Both (the 9th and 10th amendments) ideas are repudiated by today’s progressives, as they were by TR, whose Bull Moose Party, the result of his bolt from the GOP, convened in Chicago 100 years ago Sunday, Aug. 5, 1912.

After leaving the presidency in 1909, TR went haywire. He had always chafed under constitutional restraints, but he had remained a Hamiltonian, construing the Constitution expansively but respectfully. By 1912, however, he had become what the Democratic nominee, Woodrow Wilson, was — an anti-Madisonian. Both thought the Constitution, the enumeration and separation of powers, intolerably crippled government.

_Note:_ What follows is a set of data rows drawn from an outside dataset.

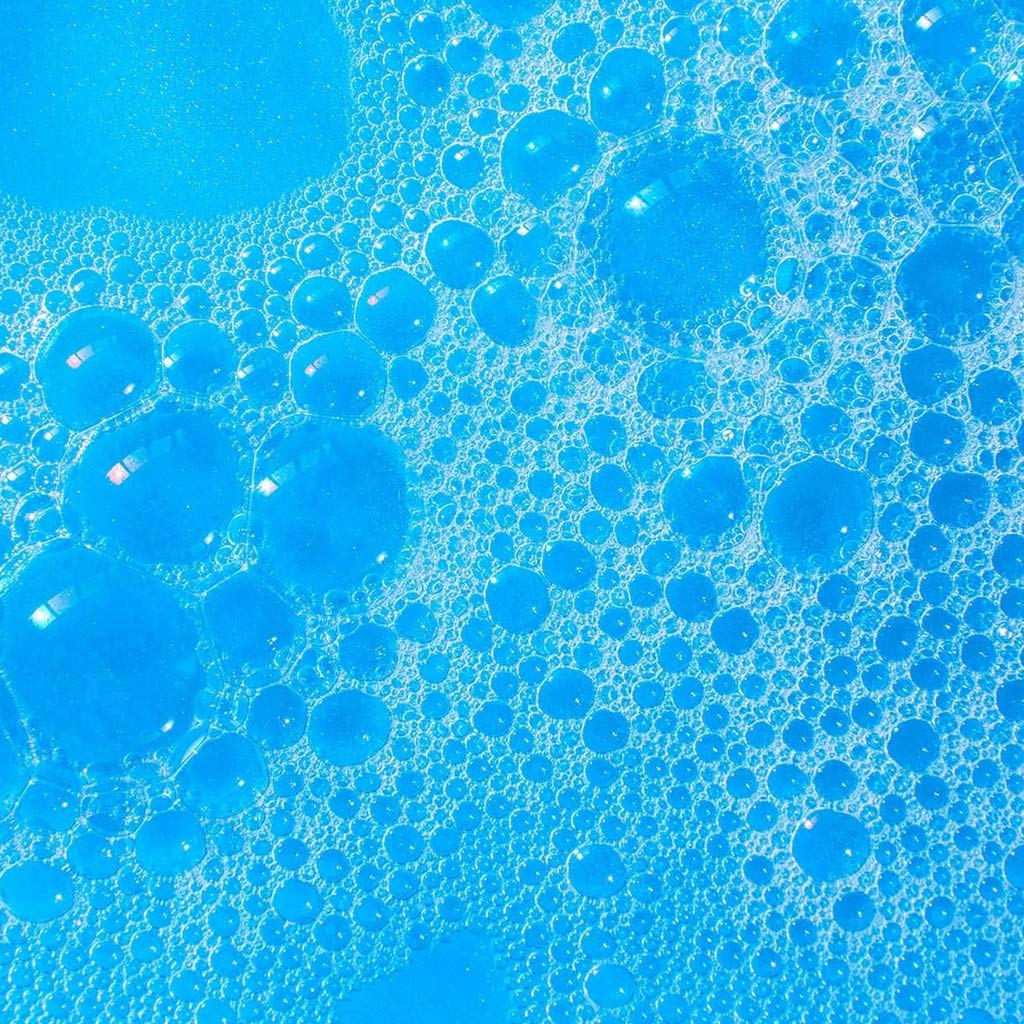 Craze Inkee: Paw Patrol vegán penivý kúpeľ s vôňou koly a pomaranča - EPEE kép 3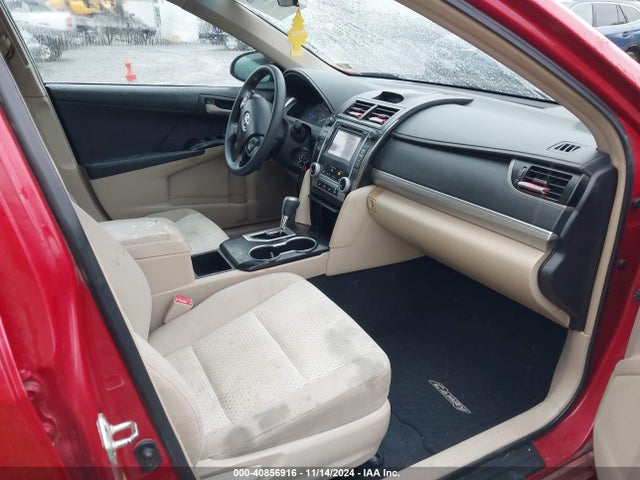 4T1BF1FKXEU842958 Toyota CAMRY L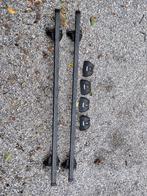 Barres de toit, Enlèvement, Comme neuf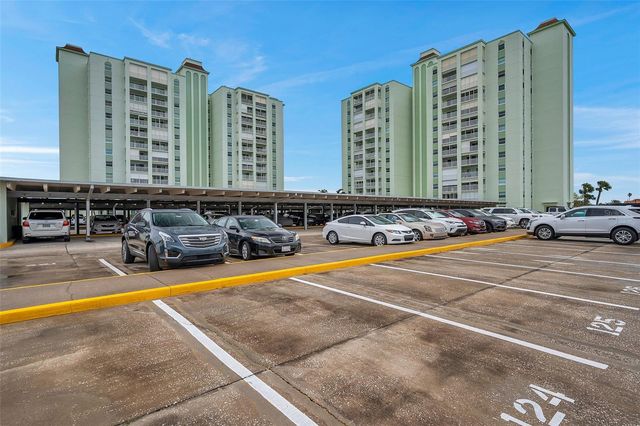 400 64TH AVENUE 907 W, St Pete Beach, FL 33706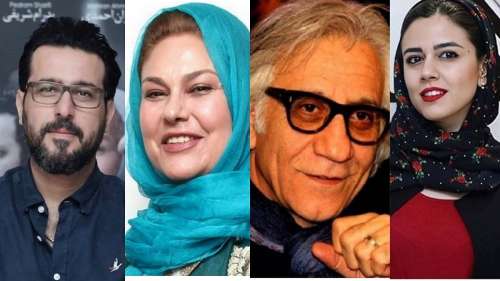 بیوگرافی بازیگران سریال ایرانی بیگناه ؛ درام جدید شبکه نمایش خانگی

Espousing unconstrained majoritarianism, TR disdained James Madison’s belief that the ultimate danger is wherever ultimate power resides, which in a democracy is with the majority. He endorsed the recall of state judicial decisions and by September 1912 favored the power to recall all public officials, including the president.

TR’s anti-constitutional excesses moved two political heroes to subordinate personal affection to the public interest. New York Sen. Elihu Root had served TR as secretary of war and secretary of state, and he was Roosevelt’s first choice to succeed him in 1908. Massachusetts Sen. Henry Cabot Lodge had long been one of TR’s closest friends. Both sided with Taft.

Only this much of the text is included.